- Exercise directions
There is material below. Print exactly the lines starting at the line with "Otel Karpatski Zori" and ending at the line with "Photo of 89 CHURCHVIEW DR", ends included, and no others.
(Data section begins)
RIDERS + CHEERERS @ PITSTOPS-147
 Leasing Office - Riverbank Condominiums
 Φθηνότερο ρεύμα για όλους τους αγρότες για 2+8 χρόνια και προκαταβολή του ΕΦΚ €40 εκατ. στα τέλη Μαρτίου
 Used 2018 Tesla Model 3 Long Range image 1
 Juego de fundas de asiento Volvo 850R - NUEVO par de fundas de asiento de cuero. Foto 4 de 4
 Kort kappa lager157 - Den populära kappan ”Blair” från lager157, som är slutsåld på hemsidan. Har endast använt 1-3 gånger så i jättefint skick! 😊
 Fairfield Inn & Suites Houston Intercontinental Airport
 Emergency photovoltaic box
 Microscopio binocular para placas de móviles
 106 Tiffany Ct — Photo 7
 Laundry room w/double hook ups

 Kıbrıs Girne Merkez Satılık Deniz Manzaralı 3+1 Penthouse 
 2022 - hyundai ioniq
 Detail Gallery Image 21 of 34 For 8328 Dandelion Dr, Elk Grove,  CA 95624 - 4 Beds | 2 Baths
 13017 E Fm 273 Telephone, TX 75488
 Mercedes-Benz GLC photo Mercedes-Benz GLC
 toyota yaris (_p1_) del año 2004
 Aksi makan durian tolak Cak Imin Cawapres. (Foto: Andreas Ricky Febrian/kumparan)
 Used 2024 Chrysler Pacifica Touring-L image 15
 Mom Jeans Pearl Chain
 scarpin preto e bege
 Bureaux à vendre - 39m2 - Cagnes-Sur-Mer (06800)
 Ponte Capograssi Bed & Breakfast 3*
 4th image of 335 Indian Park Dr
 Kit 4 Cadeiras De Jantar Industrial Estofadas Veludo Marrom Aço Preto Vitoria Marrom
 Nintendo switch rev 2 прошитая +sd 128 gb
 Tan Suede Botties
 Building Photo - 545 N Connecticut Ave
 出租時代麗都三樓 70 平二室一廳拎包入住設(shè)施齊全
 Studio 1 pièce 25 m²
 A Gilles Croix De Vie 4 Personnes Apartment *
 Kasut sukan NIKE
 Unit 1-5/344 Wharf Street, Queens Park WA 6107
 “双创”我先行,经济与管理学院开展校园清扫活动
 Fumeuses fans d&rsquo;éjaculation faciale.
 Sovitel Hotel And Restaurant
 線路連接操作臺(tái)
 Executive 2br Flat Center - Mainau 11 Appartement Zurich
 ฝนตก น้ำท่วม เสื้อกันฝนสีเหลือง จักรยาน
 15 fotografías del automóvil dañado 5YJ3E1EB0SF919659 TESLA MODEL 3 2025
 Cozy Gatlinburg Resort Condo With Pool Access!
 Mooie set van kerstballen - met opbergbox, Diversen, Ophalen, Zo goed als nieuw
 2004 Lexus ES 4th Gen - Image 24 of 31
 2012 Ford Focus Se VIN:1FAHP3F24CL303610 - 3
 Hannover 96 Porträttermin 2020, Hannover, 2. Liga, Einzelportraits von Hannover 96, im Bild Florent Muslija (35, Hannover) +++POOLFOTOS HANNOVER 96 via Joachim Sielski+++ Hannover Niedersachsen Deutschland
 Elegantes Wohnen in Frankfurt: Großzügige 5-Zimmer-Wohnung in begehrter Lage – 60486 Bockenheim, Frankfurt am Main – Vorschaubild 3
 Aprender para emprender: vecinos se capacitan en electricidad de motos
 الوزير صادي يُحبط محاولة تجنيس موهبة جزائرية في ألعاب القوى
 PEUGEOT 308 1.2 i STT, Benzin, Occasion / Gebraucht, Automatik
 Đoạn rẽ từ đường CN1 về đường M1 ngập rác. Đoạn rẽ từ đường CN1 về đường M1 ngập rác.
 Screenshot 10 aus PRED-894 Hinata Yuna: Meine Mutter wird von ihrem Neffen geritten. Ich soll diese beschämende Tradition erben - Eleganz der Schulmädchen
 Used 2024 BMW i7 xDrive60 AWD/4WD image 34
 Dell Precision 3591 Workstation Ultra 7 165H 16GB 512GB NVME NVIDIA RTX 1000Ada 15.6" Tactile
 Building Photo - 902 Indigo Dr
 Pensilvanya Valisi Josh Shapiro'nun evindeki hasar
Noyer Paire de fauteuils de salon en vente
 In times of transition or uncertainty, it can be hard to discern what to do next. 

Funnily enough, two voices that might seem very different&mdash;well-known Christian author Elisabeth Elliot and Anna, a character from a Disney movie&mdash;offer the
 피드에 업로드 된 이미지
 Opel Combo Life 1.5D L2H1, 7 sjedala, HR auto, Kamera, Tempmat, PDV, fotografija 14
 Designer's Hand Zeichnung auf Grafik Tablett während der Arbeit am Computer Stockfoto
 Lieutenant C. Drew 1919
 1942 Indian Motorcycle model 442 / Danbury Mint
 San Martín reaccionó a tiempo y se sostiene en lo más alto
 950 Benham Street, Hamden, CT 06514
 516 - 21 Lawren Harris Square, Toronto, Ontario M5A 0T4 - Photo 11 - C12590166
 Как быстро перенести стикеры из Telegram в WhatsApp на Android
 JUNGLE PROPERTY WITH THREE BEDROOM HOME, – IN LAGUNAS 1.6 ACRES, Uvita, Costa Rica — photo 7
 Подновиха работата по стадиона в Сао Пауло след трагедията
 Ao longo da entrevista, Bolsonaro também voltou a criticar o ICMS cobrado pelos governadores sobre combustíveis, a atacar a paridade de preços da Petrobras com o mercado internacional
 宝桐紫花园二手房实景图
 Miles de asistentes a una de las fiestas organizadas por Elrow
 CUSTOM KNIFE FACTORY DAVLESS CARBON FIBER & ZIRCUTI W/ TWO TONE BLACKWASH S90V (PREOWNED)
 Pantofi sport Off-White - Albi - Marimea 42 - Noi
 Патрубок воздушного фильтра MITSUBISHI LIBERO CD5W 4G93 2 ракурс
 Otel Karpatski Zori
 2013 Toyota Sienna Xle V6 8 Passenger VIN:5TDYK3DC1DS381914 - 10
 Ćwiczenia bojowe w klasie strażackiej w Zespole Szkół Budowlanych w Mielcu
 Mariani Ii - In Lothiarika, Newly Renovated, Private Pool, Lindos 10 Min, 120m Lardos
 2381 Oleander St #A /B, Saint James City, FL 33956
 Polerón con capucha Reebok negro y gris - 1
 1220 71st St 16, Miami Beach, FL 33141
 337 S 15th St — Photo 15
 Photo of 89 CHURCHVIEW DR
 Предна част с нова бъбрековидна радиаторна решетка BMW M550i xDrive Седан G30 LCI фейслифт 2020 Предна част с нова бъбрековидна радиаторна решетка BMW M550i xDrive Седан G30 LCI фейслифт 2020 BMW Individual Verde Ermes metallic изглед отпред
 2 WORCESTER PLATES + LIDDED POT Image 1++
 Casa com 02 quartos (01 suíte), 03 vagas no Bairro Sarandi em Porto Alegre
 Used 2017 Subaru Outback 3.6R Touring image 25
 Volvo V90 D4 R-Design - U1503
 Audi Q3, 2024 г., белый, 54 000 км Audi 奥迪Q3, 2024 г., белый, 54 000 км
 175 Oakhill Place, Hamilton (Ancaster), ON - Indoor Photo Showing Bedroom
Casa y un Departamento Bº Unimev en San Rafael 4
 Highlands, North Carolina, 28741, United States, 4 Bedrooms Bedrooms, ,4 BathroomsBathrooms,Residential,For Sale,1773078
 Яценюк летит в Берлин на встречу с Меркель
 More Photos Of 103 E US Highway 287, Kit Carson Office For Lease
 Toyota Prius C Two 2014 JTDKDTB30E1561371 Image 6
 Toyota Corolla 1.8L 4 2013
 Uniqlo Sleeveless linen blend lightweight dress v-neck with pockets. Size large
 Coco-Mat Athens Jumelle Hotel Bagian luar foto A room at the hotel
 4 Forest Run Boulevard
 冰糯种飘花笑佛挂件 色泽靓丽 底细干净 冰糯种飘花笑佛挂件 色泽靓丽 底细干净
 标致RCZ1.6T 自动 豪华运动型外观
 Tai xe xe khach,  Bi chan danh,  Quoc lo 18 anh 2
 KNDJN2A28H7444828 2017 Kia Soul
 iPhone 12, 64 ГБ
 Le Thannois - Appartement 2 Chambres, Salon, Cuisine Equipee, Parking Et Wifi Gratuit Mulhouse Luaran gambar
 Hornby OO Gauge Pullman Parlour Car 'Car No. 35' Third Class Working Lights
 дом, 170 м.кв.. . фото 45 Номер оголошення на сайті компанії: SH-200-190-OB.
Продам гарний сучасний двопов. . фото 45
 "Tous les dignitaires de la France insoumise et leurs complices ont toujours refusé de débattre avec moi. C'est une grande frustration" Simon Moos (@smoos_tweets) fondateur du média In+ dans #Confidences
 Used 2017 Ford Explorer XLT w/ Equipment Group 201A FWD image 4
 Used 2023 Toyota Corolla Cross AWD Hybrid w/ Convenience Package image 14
(Data section ends)
- Answer box
 Otel Karpatski Zori
 2013 Toyota Sienna Xle V6 8 Passenger VIN:5TDYK3DC1DS381914 - 10
 Ćwiczenia bojowe w klasie strażackiej w Zespole Szkół Budowlanych w Mielcu
 Mariani Ii - In Lothiarika, Newly Renovated, Private Pool, Lindos 10 Min, 120m Lardos
 2381 Oleander St #A /B, Saint James City, FL 33956
 Polerón con capucha Reebok negro y gris - 1
 1220 71st St 16, Miami Beach, FL 33141
 337 S 15th St — Photo 15
 Photo of 89 CHURCHVIEW DR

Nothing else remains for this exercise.